L'attention des inspecteurs généraux sur cette situation fut sollicitée.
"L'ensemble" et "l'uniformité" étaient difficiles à conserver et
on discutait à nouveau sur la bonne "formation" à faire. Les oppositions
restaient fermes.
On retiendra de ces débats moins la valeur des
arguments échangés que la constante indécision qu'ils révèlent et
qui est une caractéristique de la cavalerie en cette période. Il
faut attendre l'ordonnance du ler juin 1766 pour faire définitivement
accepter la formation sur deux rangs.
Pour les historiens militaires du XIXe et du XXe
siècle, cette période est l'exemple type illustrant l'incapacité
à organiser "l'arme supréme"; beaucoup conservent l'idée que les
guerres de l'Empire permirent sa réorganisation. Napoléon devient
cette figure mythique qui, seule su disposer de la cavalerie comme
il se doit. L"'âme" de la cavalerie, pendant tout le XIXe et jusqu'en
septembre 1914, se retrempera aux souvenirs de l'épopée napoléonienne:
la cavalerie est action ou n'est pas, voilà le principe. La fin
du XVIIIe siècle est donc un contre-exemple que tous les historiens
se complaisent à relever: la cavalerie n'agit pas et elle se perd
dans les discussions de forme. Un anti-intellectualisme latent se
complait alors à dénoncer les discussions et les commissions.
Nous ne pouvons certes échapper à cet état d'esprit
partagé par beaucoup d'historiens militaires, mais il ne faut pas
écarter l'oeuvre fondamentale de la seconde moitié du XVIIIe dans
l'administration des armées, donc de la guerre. Dans l'ordonnance
de 1766, le principe de l'ordre déployé est présent. Il est accompagné
de celui de la vitesse. L'ordre déployé est le principe principal
pour établir des manoeuvres, la vitesse d'exécution confirme la
perfection de ce mouvement. Cela marque une rupture dans l'organisation
des manoeuvres.Si l'on prend par exemple celles exécutées le 12
septembre 1754, on s'apercoit qu'elles n'avaient guère changé depuis
Villars. On y fait quarante fois des "à droite" ou des "à gauche"
par compagnie, puis par deux compagnies, en escadron, deux charges
avec demi-tour au galop par compagnie. Si le retour s'apprend au
galop, la charge, elle, se fait au trot et on s'y exerce en plaçant
deux escadrons en face à face: celui dont l'exercice prévoit qu'il
est battu fait demi-tour à droite, en file, et se retire au galop.
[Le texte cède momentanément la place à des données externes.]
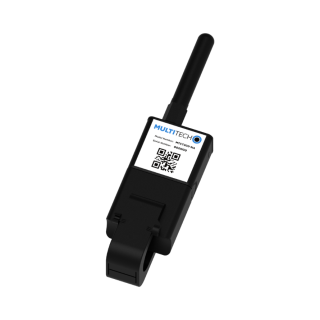 MultiTech Current Transformer MultiTech CT300 LoRaWAN Current Transformer for real-time energy monitoring
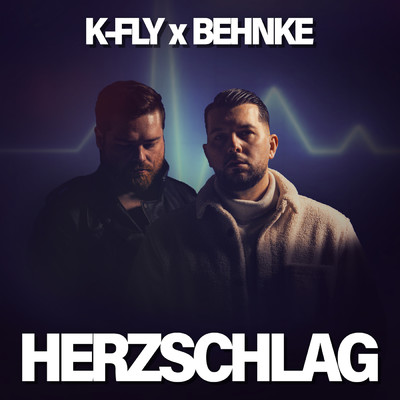 シングル/Herzschlag/K-Fly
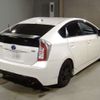 toyota prius 2014 -TOYOTA 【和泉 330ﾅ 283】--Prius DAA-ZVW30--ZVW30-5729879---TOYOTA 【和泉 330ﾅ 283】--Prius DAA-ZVW30--ZVW30-5729879- image 2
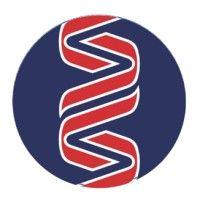 sonic clinical trials logo image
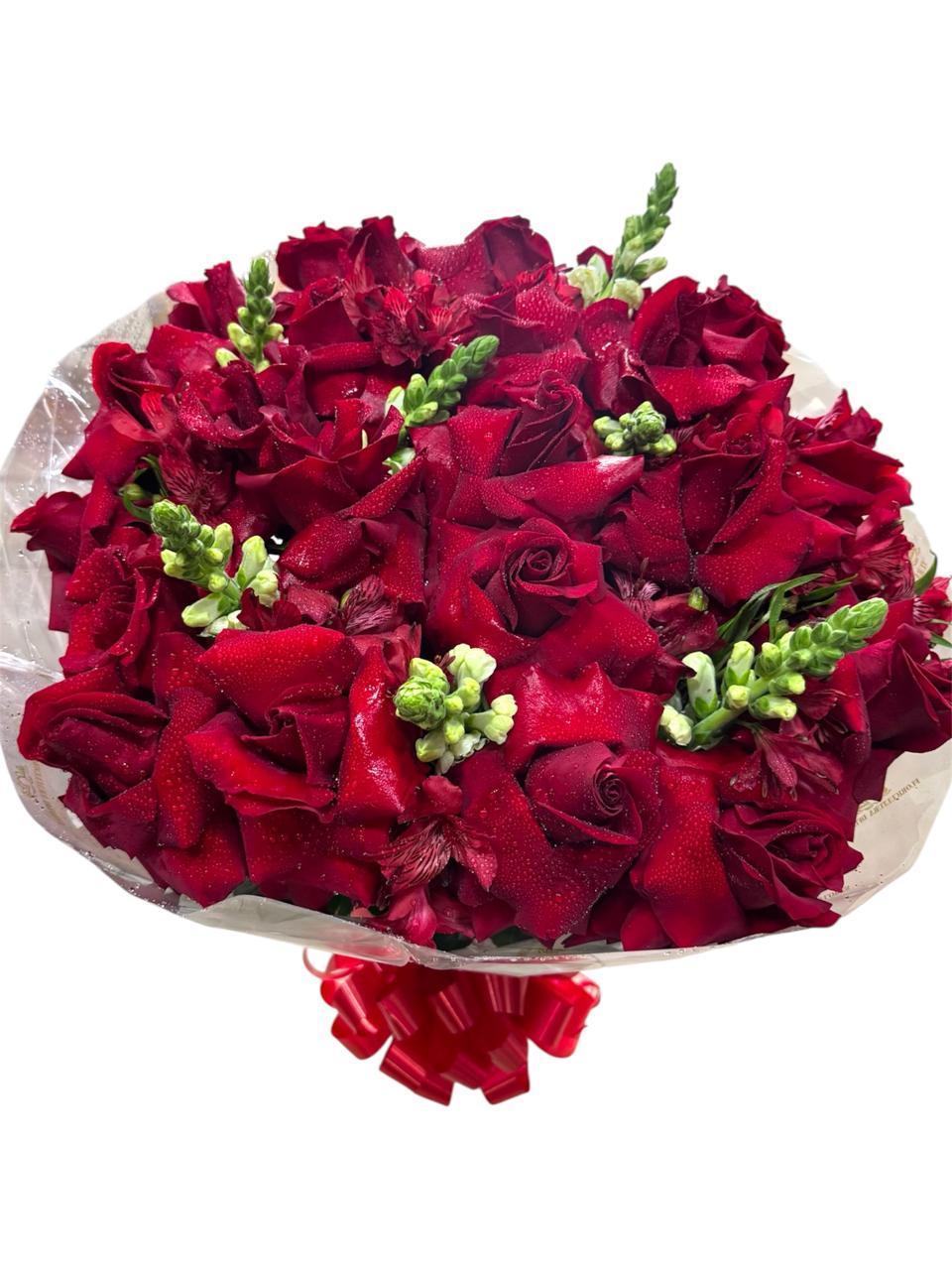 thumb-buque-de-24-rosas-colombianas-3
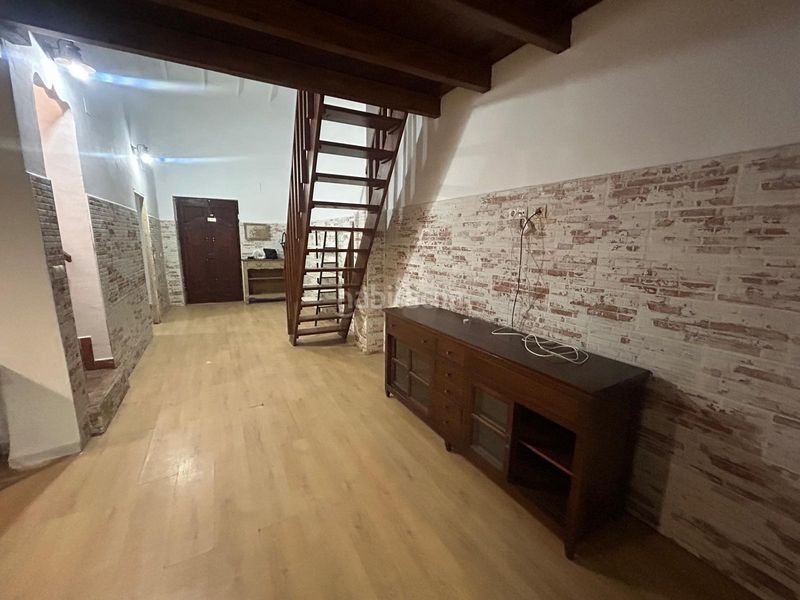 Foto ec2bc45e-2802-450d-8fab-da948c90c17c. Casa a Sant Antoni Cullera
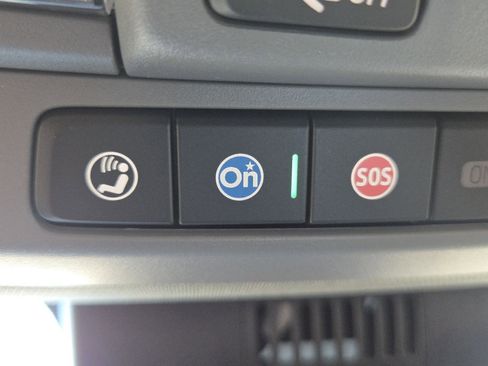 New 2026 GMC Sierra 3500 Pro w/ Convenience Package image 34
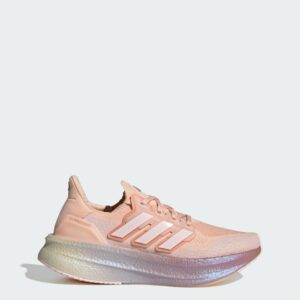 נעלי ספורט נשים אדידס ultraboost 5 w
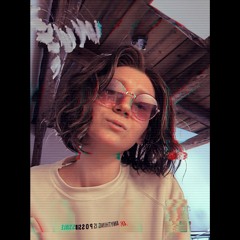 Azarova's
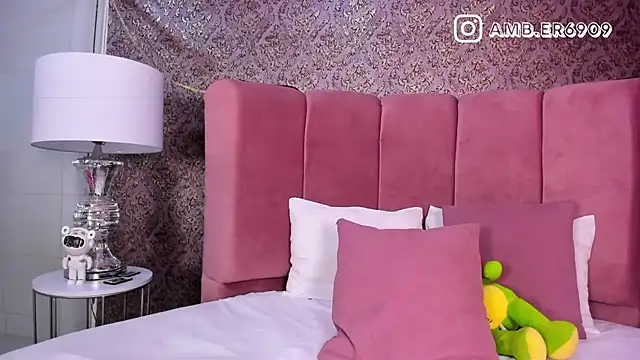 amber_sparkle - Amber_sparkle's free webcam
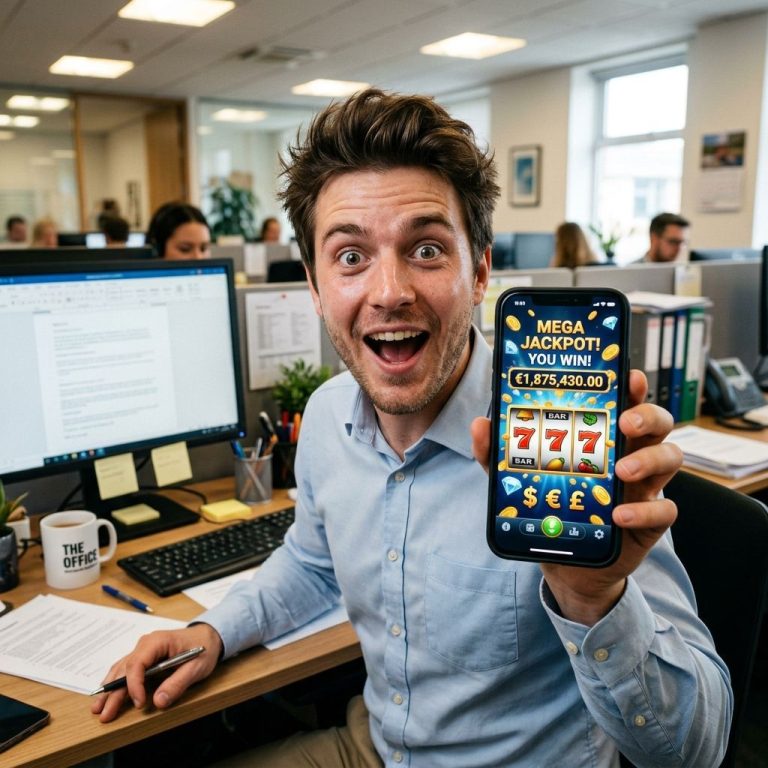 real_285e9fdd-894f-425b-9a80-3f0325582b29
Rien n'était plus funeste qu'un tel exercice qui enseignait en vérité
la fuite: les enseignements de Villars avaient été oubliés. Tout
comme seront oubliés, après la disgrâce de Choiseul en 1770, certains
des principes nouveaux qu'il avait cherché à imposer.
2. Rossbach
et Minden
C'est l'histoire de ces hésitations et contradictions
successives que nous allons reprendre maintenant plus en détail
en décrivant la cavalerie dans l'action.
Comment mieux représenter pratiquement la médiocre
organisation de cavalerie du début du XVIIIe, sinon en racontant
les déboires de cette arme dans la guerre de sept ans ? Deux batailles
permettent cette présentation, celle de RossLach, le 5 novembre
1757, et celle de Minden, le ler août 1759. Voici comment le commissaire
général de la cavalerie, M. de Castries, commandant de la cavalerie
dans l'armée de Soubise, a relaté la bataille de Rossbach dans une
lettre du 9 novembre 1757, soit quatre jours après la bataille.
Les deux ailes droites des première et seconde lignes étaient formées
par la cavalerie autrichienne et impériale: les régiments de Penthièvre,
de Saluces, de Lameth, de Lusignan et d'Escars formaient la réserve
et étaient en interligne dans le centre.
Les régiments de la Reine, de Bourbon-Busset, de
Fitzjames, de Bourbon, de Beauvilliers et de Rougrave formaient
la gauche de la première ligne. Ceux de Condé, de Bezons, de Saint
Jal de Poly, de Grammont et de Montcalm qui devaient former l'aile
gauche de la seconde ligne, avaient été détachés le matin sous les
ordres de M de Saint Germain pour masquer le front du camp du Roi
de Prusse pendant que l'armée le tournait par la droite. Mais Frédéric
II prévint ce mouvement et déborda entièrement la droite des alliés.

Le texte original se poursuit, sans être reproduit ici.